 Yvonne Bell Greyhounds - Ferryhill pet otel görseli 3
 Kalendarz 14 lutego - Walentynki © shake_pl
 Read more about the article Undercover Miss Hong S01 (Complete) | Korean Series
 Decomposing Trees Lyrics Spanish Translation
* * *
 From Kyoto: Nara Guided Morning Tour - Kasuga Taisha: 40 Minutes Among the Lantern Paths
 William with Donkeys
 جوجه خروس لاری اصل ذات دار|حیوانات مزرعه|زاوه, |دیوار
==
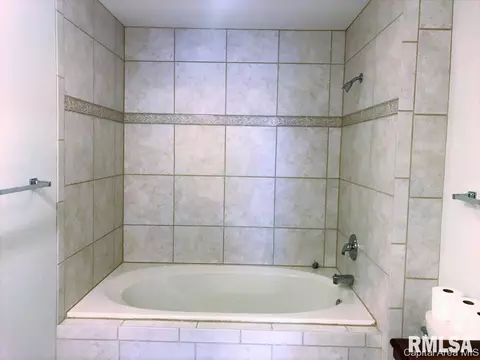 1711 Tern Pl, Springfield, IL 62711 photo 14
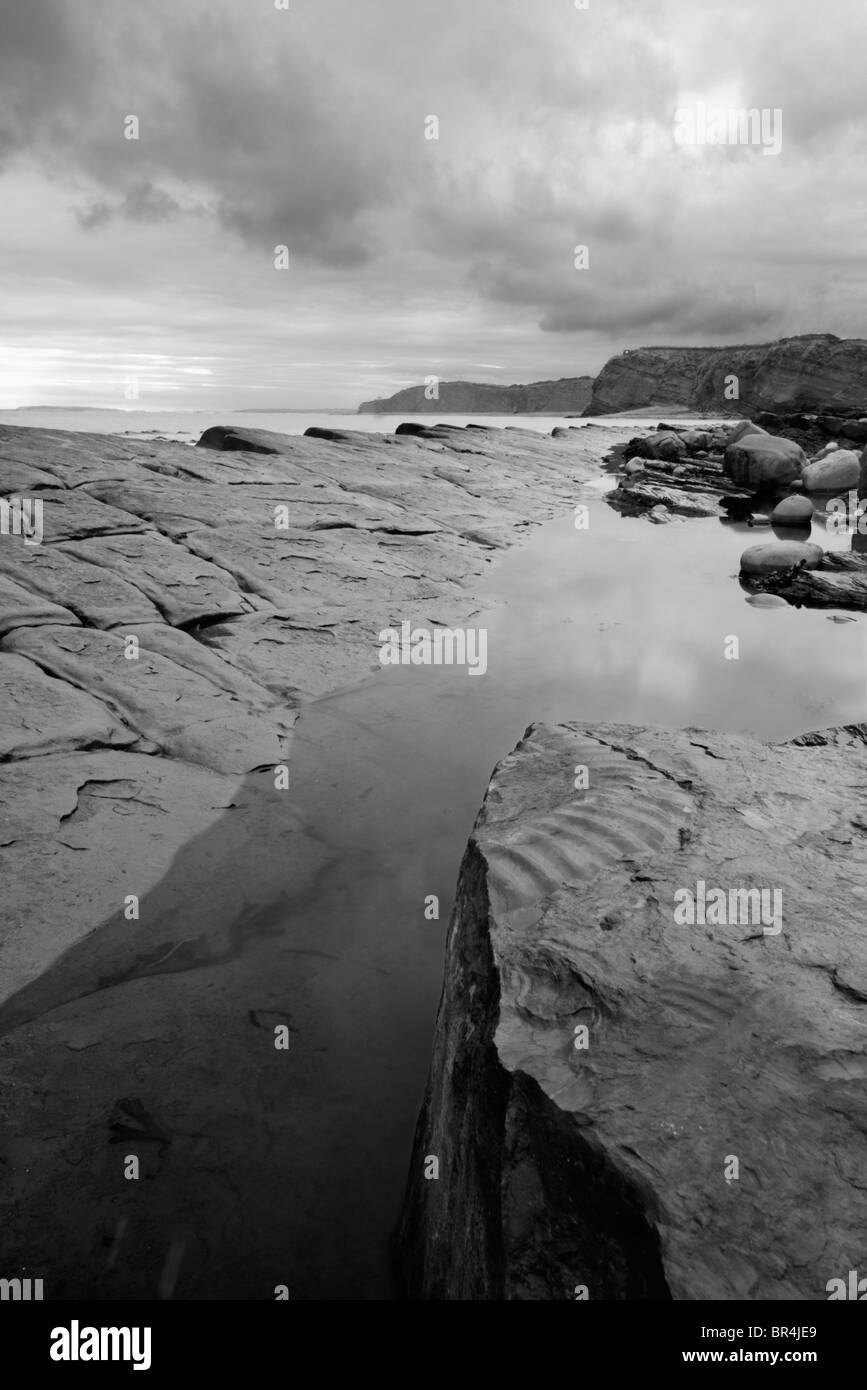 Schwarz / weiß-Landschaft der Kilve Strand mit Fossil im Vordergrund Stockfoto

> _Assigned task_:
Copy out, word for word, the part of the entries above that begins at the line with "Yvonne Bell Greyhounds" and ends at the line with "Decomposing Trees Lyrics Spanish Translation", including both.

> _Response_:
 Yvonne Bell Greyhounds - Ferryhill pet otel görseli 3
 Kalendarz 14 lutego - Walentynki © shake_pl
 Read more about the article Undercover Miss Hong S01 (Complete) | Korean Series
 Decomposing Trees Lyrics Spanish Translation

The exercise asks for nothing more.